== RECORDS PROVIDED ==
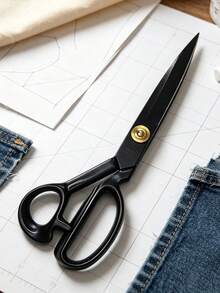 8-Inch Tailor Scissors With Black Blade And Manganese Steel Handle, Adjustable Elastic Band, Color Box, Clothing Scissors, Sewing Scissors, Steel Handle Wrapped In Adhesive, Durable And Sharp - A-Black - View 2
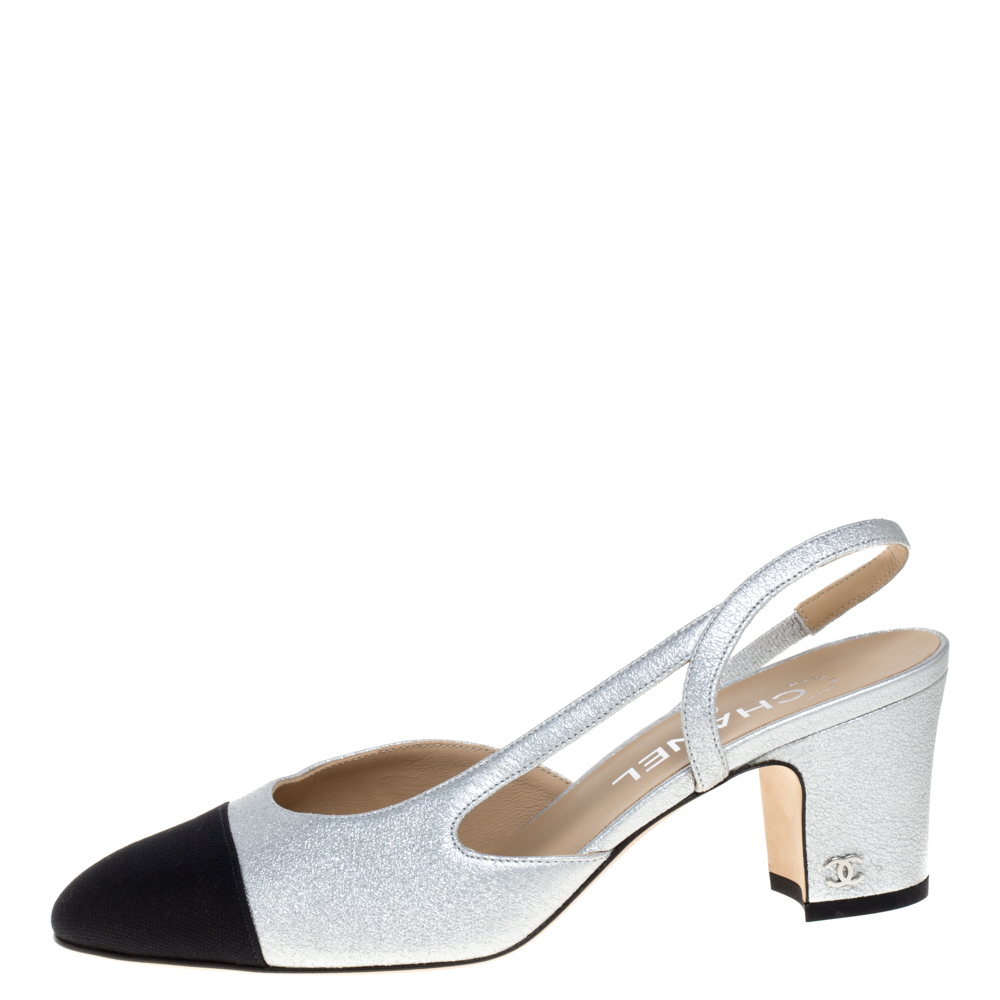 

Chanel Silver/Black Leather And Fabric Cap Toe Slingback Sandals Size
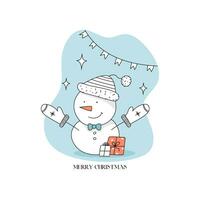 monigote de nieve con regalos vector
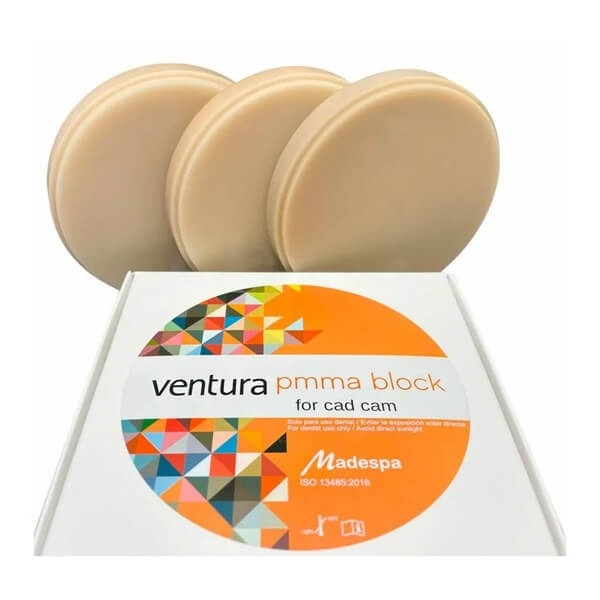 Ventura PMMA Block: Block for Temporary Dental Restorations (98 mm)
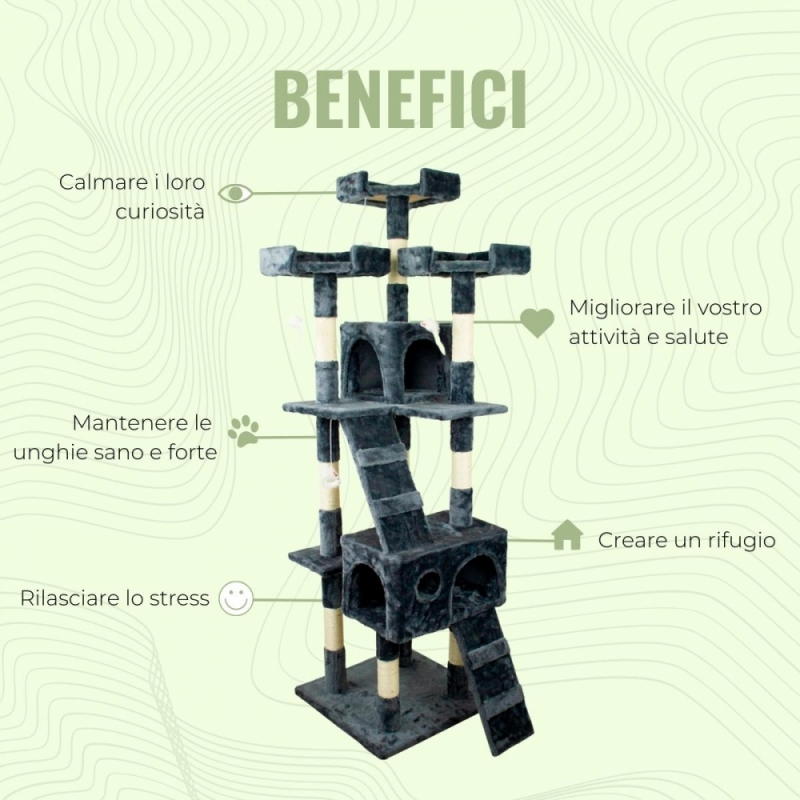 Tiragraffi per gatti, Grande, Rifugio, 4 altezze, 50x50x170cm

== TASK DIRECTIONS ==
Retype each line of the records exactly as it reads; no pictures belong in the copy.

== RESULT ==
 8-Inch Tailor Scissors With Black Blade And Manganese Steel Handle, Adjustable Elastic Band, Color Box, Clothing Scissors, Sewing Scissors, Steel Handle Wrapped In Adhesive, Durable And Sharp - A-Black - View 2

Chanel Silver/Black Leather And Fabric Cap Toe Slingback Sandals Size
 monigote de nieve con regalos vector
 Ventura PMMA Block: Block for Temporary Dental Restorations (98 mm)
 Tiragraffi per gatti, Grande, Rifugio, 4 altezze, 50x50x170cm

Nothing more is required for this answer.